# Syslogd program specification with . in



## xtaz (Jul 12, 2018)

For ages I had used acme.sh sending logs into syslog using the following in /etc/syslog.conf:


```
!-acme.sh
... normal syslog.conf entries ...
!acme.sh
*.*                                             /var/log/acme.log
!*
```

So this stops a program name of acme.sh logging to any of the normal log files, and then redirects it into /var/log/acme.log.
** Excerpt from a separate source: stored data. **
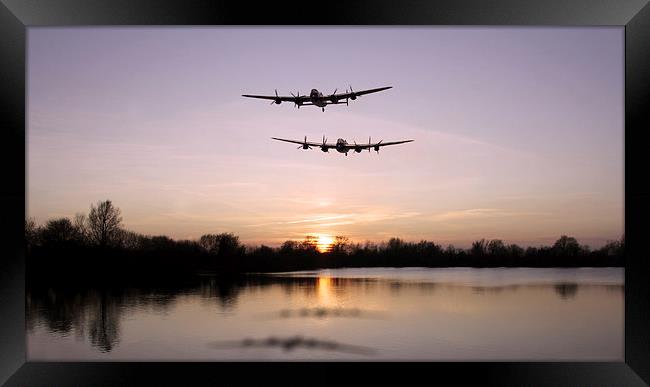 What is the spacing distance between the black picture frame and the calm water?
5.27 m

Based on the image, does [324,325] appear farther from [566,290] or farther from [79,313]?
[566,290]

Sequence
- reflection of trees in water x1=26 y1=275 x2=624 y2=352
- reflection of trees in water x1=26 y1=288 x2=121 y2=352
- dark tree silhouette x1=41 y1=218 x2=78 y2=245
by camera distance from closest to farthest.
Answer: reflection of trees in water x1=26 y1=288 x2=121 y2=352, reflection of trees in water x1=26 y1=275 x2=624 y2=352, dark tree silhouette x1=41 y1=218 x2=78 y2=245

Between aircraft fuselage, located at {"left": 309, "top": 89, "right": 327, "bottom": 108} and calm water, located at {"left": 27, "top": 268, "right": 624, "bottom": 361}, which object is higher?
aircraft fuselage, located at {"left": 309, "top": 89, "right": 327, "bottom": 108}

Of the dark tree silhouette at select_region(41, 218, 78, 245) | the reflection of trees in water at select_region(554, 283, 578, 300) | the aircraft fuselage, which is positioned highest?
the aircraft fuselage

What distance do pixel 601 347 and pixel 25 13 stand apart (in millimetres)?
17763

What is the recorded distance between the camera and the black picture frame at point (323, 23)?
6406 millimetres

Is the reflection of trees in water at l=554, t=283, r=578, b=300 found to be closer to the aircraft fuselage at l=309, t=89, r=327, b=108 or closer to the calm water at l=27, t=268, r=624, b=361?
the calm water at l=27, t=268, r=624, b=361

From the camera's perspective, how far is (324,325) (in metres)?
22.0

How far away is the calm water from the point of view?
17438 millimetres

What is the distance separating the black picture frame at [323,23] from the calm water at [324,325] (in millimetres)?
5274

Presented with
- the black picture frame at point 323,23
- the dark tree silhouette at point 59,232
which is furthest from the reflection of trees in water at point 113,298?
the black picture frame at point 323,23

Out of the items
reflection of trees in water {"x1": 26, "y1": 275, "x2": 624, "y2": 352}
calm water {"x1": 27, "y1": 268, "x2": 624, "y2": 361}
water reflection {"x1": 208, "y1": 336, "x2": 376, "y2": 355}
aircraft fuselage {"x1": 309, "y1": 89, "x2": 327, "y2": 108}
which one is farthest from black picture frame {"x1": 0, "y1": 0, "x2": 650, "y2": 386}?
reflection of trees in water {"x1": 26, "y1": 275, "x2": 624, "y2": 352}

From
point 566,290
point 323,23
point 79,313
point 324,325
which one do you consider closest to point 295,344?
point 324,325

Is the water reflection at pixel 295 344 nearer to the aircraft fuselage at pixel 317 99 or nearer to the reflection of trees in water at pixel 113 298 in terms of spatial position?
the reflection of trees in water at pixel 113 298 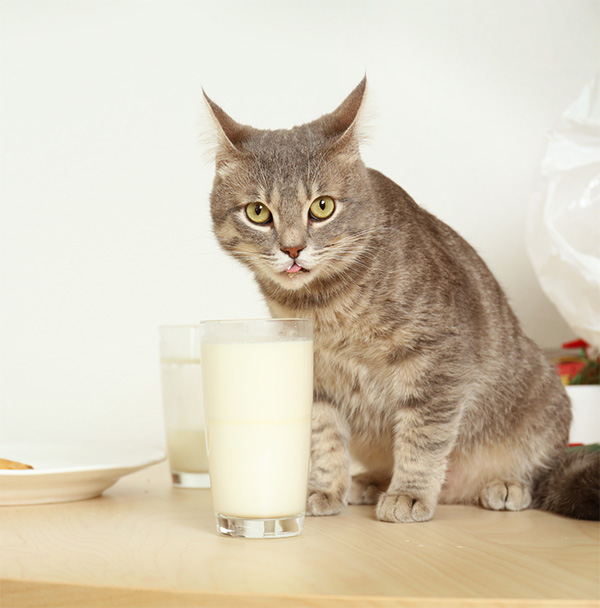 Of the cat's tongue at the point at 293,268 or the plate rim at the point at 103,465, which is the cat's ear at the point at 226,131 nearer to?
the cat's tongue at the point at 293,268

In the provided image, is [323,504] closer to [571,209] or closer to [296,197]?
[296,197]

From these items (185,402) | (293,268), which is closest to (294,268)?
(293,268)

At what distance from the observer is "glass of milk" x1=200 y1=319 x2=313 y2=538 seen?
854 mm

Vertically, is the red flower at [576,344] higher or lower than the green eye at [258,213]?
lower

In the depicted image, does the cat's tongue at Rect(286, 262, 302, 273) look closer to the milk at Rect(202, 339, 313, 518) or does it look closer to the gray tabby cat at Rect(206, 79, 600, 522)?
the gray tabby cat at Rect(206, 79, 600, 522)

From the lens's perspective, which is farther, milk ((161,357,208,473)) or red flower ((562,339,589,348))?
red flower ((562,339,589,348))

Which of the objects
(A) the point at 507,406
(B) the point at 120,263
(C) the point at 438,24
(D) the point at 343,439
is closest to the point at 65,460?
(D) the point at 343,439

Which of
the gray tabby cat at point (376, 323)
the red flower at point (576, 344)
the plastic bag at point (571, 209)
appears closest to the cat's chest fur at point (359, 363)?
the gray tabby cat at point (376, 323)

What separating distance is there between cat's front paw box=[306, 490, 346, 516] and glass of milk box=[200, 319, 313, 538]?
172 millimetres

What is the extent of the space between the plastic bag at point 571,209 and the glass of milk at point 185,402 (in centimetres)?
73

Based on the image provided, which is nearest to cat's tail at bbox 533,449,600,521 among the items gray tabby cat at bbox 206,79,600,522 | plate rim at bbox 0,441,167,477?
gray tabby cat at bbox 206,79,600,522

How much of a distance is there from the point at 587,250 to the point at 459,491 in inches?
24.2

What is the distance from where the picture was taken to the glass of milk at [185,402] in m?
1.35

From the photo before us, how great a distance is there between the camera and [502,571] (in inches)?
29.3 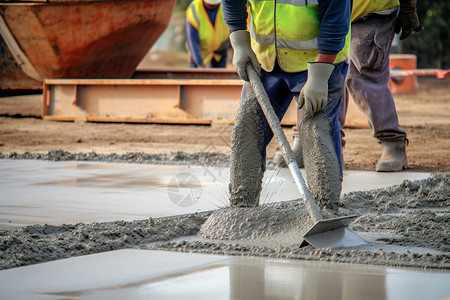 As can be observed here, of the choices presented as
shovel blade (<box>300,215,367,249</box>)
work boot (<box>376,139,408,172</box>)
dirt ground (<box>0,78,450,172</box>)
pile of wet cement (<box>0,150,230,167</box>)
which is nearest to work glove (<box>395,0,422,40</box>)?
work boot (<box>376,139,408,172</box>)

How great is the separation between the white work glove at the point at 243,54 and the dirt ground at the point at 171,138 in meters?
3.16

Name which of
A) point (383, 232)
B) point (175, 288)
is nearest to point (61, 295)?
point (175, 288)

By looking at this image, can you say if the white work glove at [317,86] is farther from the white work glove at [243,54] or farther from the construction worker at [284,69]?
the white work glove at [243,54]

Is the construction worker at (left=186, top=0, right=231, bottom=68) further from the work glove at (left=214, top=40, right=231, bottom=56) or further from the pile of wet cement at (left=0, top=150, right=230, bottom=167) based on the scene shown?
the pile of wet cement at (left=0, top=150, right=230, bottom=167)

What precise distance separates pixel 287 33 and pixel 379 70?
298 cm

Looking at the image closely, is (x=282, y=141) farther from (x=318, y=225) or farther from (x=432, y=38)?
(x=432, y=38)

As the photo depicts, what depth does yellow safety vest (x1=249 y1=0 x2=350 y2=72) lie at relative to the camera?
4.09 m

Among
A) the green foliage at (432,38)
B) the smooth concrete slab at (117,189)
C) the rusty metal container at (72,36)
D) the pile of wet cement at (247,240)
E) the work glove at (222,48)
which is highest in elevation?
the green foliage at (432,38)

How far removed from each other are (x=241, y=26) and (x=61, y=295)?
207 centimetres

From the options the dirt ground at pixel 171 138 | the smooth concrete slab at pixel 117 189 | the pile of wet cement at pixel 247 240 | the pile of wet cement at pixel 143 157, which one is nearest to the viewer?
the pile of wet cement at pixel 247 240

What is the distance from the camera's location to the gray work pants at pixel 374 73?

This worked fine for years. However I've just noticed that it no longer works. I assume since various syslogd commits that happened through june/july in the stable tree for 11.x (I'm running 11.2-STABLE).

If I test with this command, it fails to log anything:

`logger -p user.err -t acme.sh test message`

If I test with this command (and change the syslog.conf to suit) then it logs everything as expected:

`logger -p user.err -t acme test message`

So it looks like syslogd is now treating program specifications with a . character in them differently to how it was before. I guess it may be problematic because that's usually how you specify the facility.priority. But it used to work fine......

I've tried escaping the . with a \ and putting quotes around it etc. Doesn't seem to make any difference. Any ideas? Am I missing how you need to configure this, or is it a bug?


----------



## leebrown66 (Jul 12, 2018)

I would suggest you follow the FreeBSD-stable mailing list and ask questions there.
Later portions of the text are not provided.